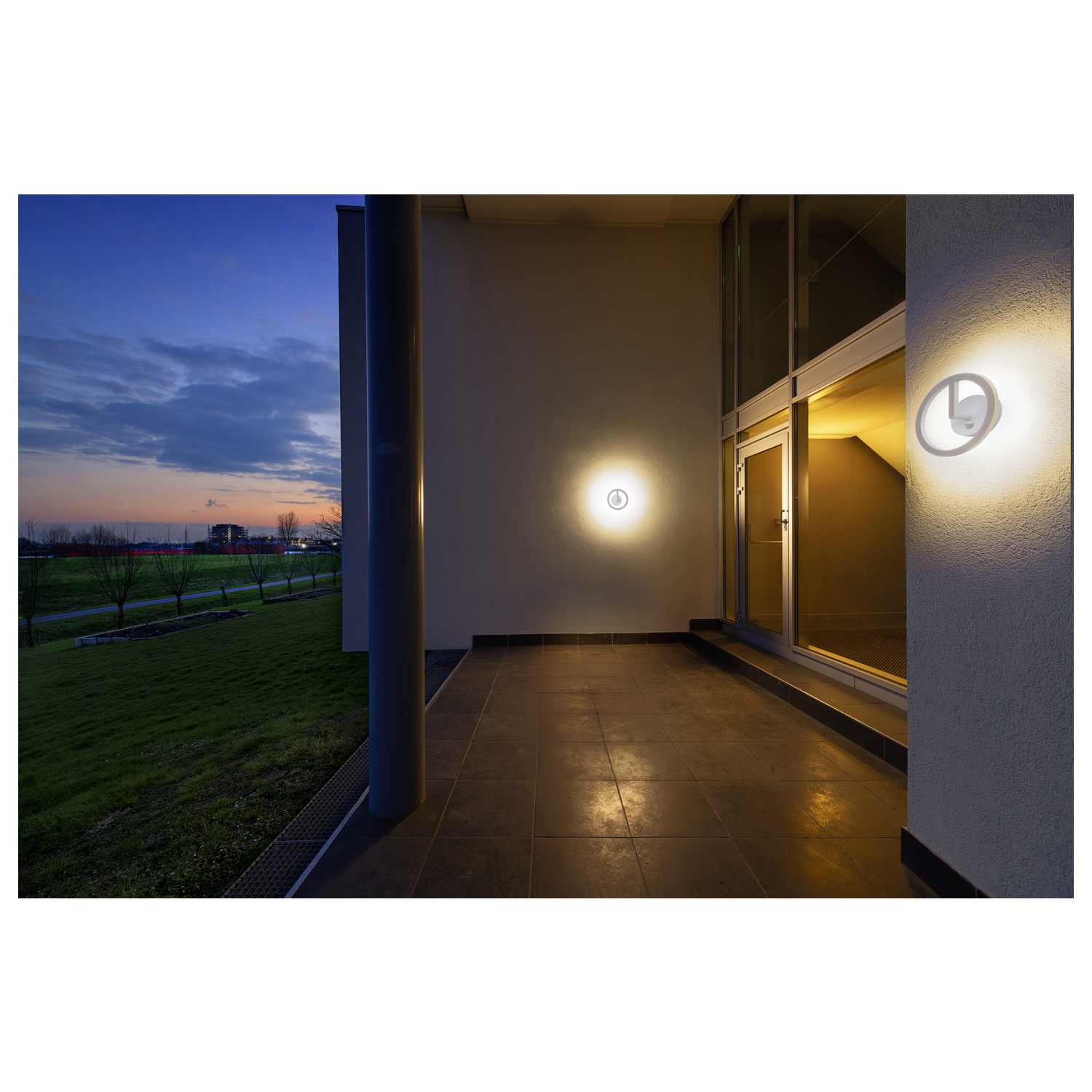 Q-RING vägglampa, sensor, 3000 K, IP54, vit - SLV | Bellalite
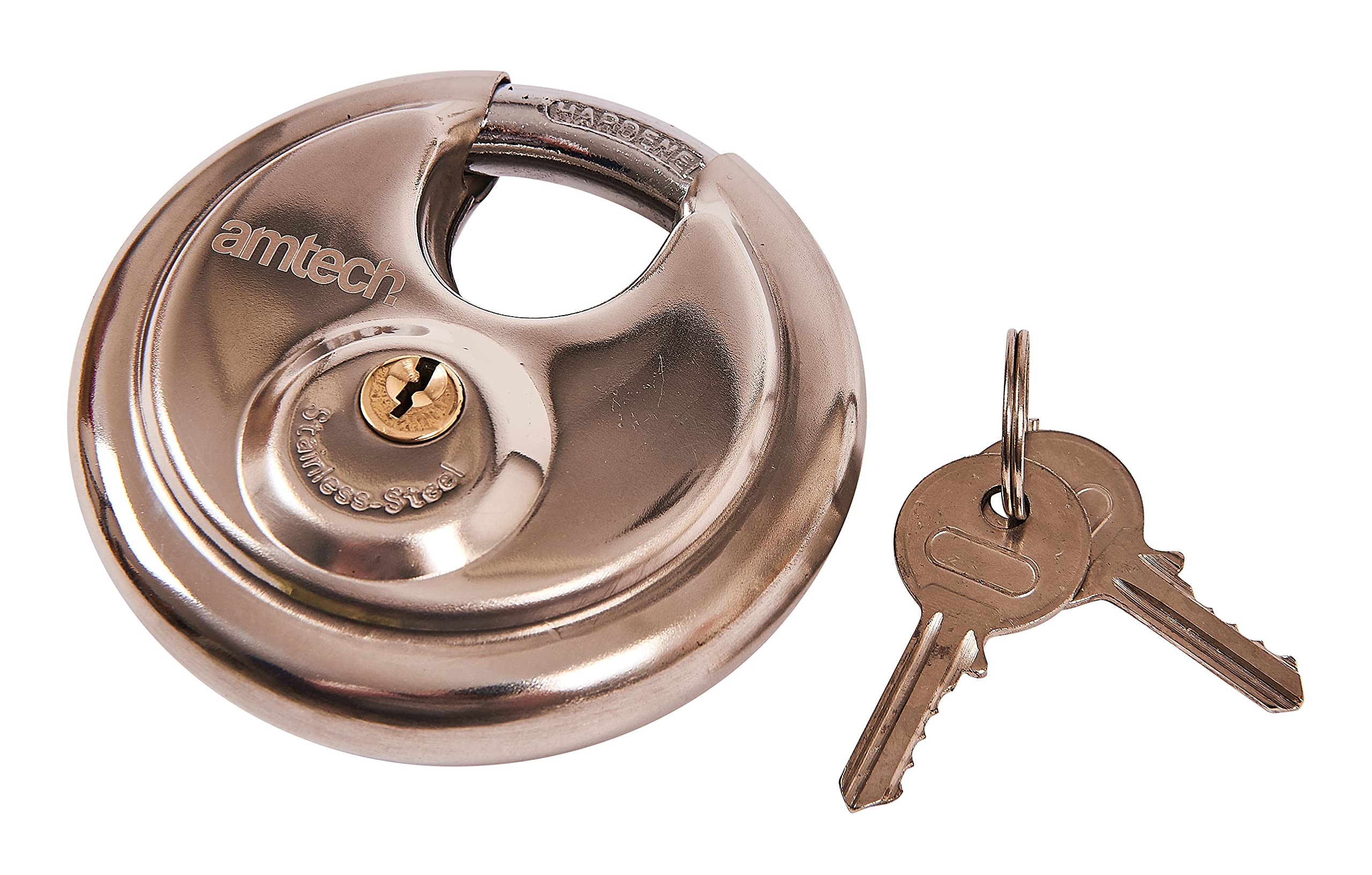 Amtech W4250 90mm Disc Padlock, Heavy Duty and Corrosion Resistant Stainless Steel Construction with 2 Keys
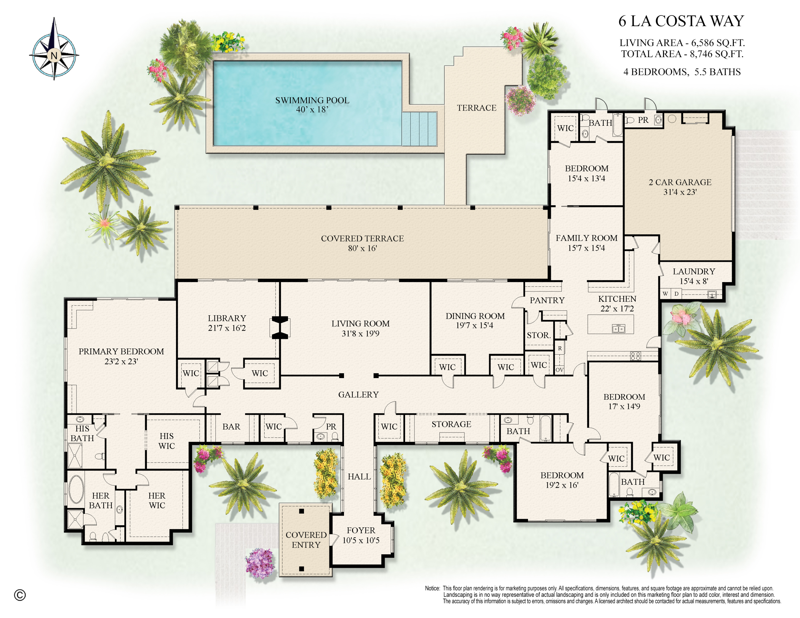 4 bedroom Single Family Residence at 6 La Costa Way, Palama Estates, Palm Beach — photo 2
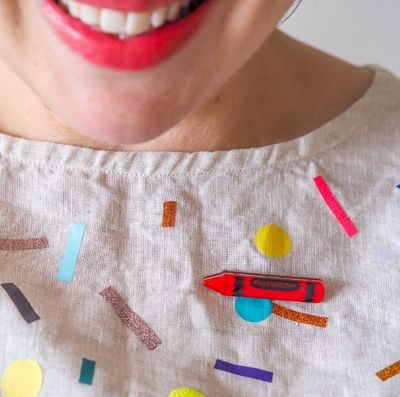 Crayon Simplified Mini Brooch - Red
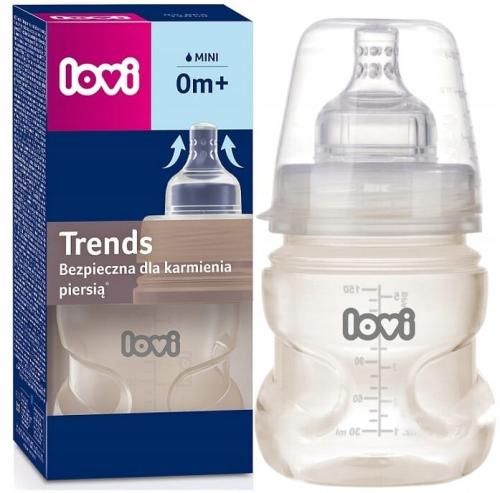 Lovi Butelka Trends + Smoczek Supervent Dynamiczny 120ml 3m+ Beżowa
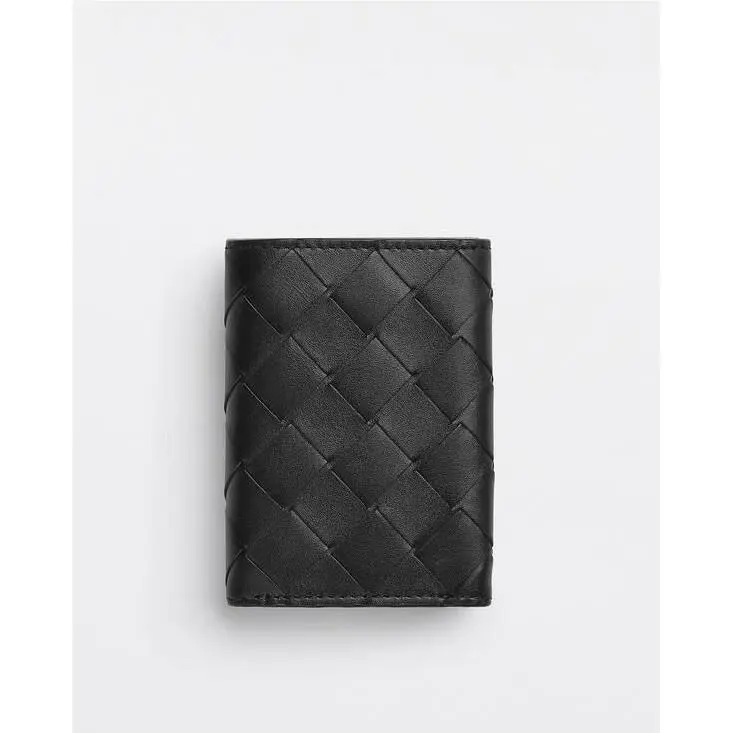 Bottega Veneta Tiny Tri-fold Black/papaya Wallet Leather 667036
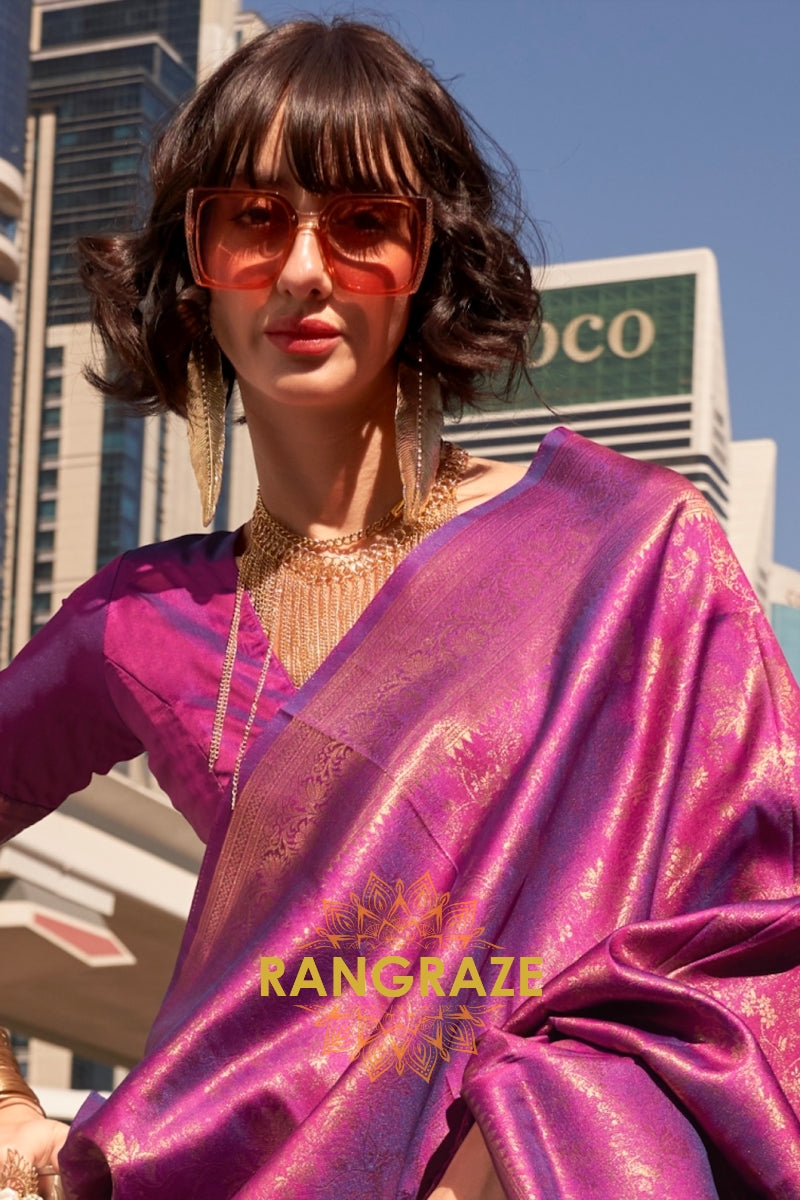 Plum Purple Banarasi Silk Handloom Saree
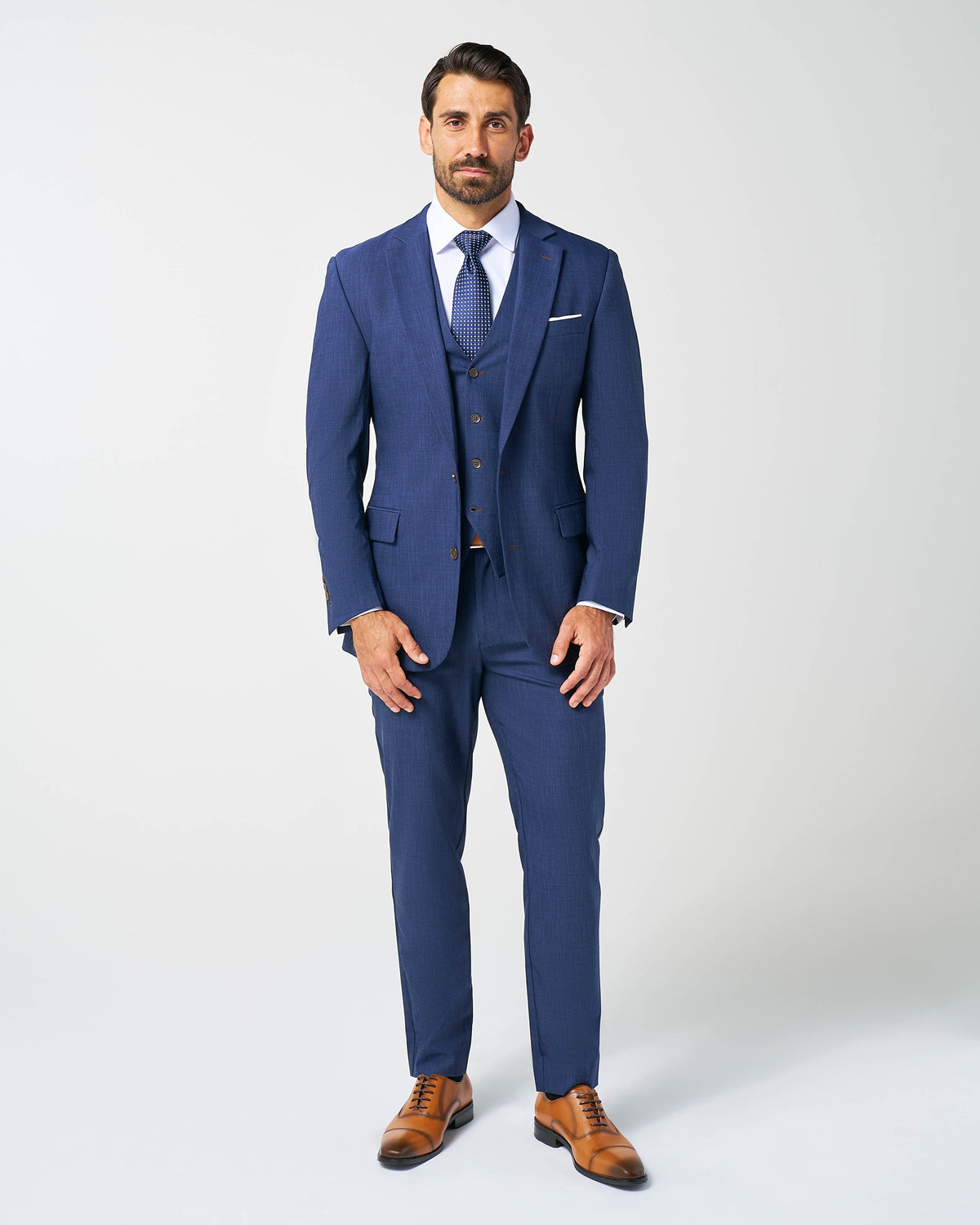 State & Liberty - Athletic Fit Stretch Suit Vest - Heathered Navy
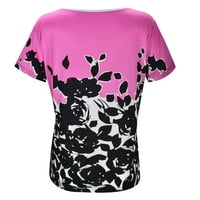 Ženske majice Ženski V izrez Rose Print Casual Top T Majica Ženske vrhove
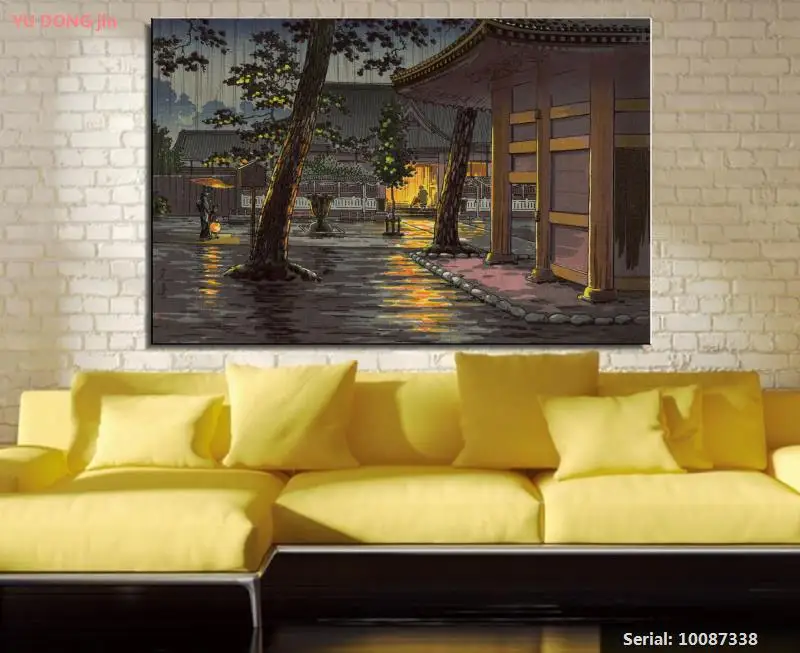 Earth light Landscape Classical oil Painting Drawing art Spray Unframed Canvas iron gemstone picture miniature picture10087338 | Дом и сад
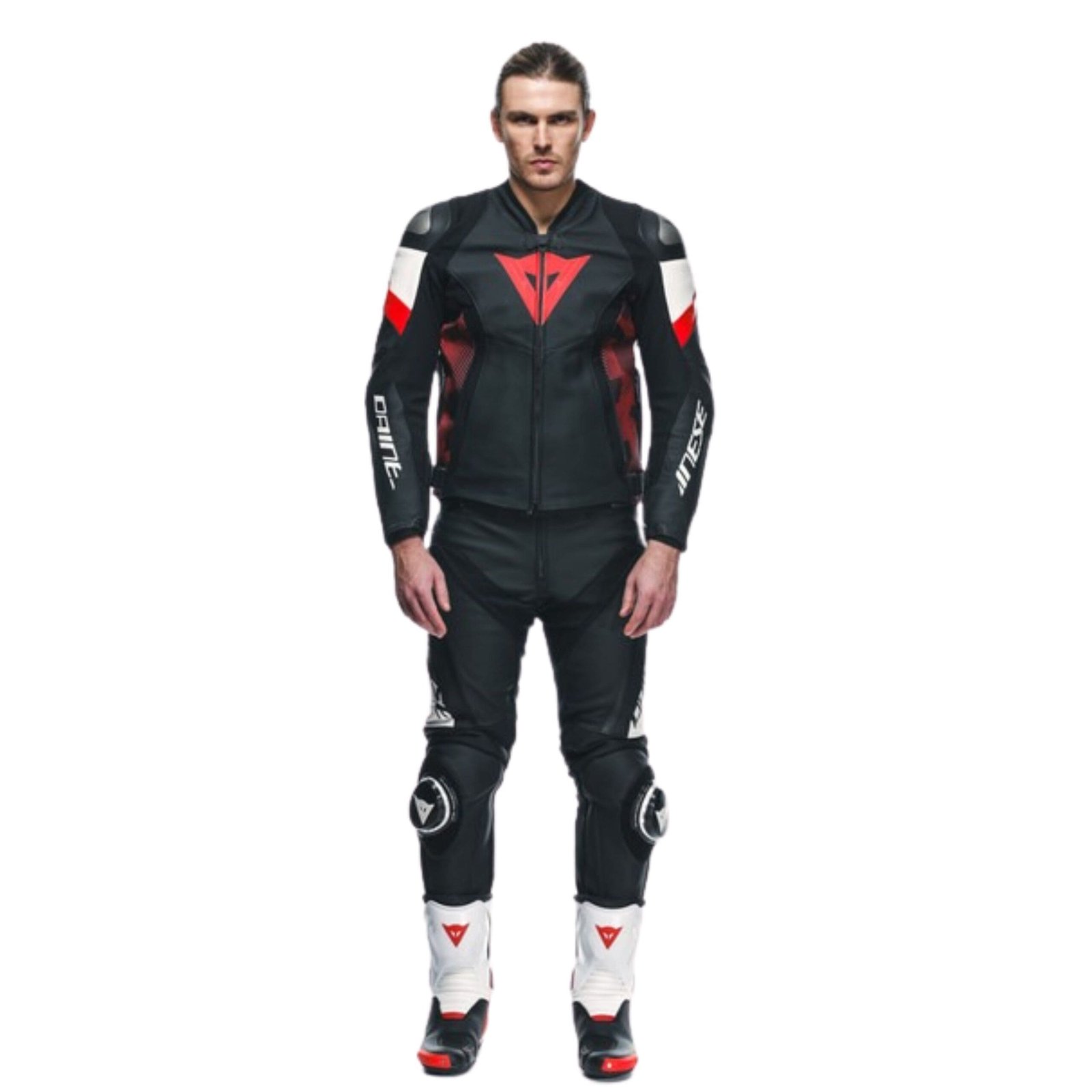 DAINESE AVRO 5 LEATHER JACKET RED LAVA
=======
Verbatim, write out the line containing "4 bedroom Single" and all later lines through the end of the records, leaving every picture out.

 4 bedroom Single Family Residence at 6 La Costa Way, Palama Estates, Palm Beach — photo 2
 Crayon Simplified Mini Brooch - Red
 Lovi Butelka Trends + Smoczek Supervent Dynamiczny 120ml 3m+ Beżowa
 Bottega Veneta Tiny Tri-fold Black/papaya Wallet Leather 667036
 Plum Purple Banarasi Silk Handloom Saree
 State & Liberty - Athletic Fit Stretch Suit Vest - Heathered Navy
 Ženske majice Ženski V izrez Rose Print Casual Top T Majica Ženske vrhove
 Earth light Landscape Classical oil Painting Drawing art Spray Unframed Canvas iron gemstone picture miniature picture10087338 | Дом и сад
 DAINESE AVRO 5 LEATHER JACKET RED LAVA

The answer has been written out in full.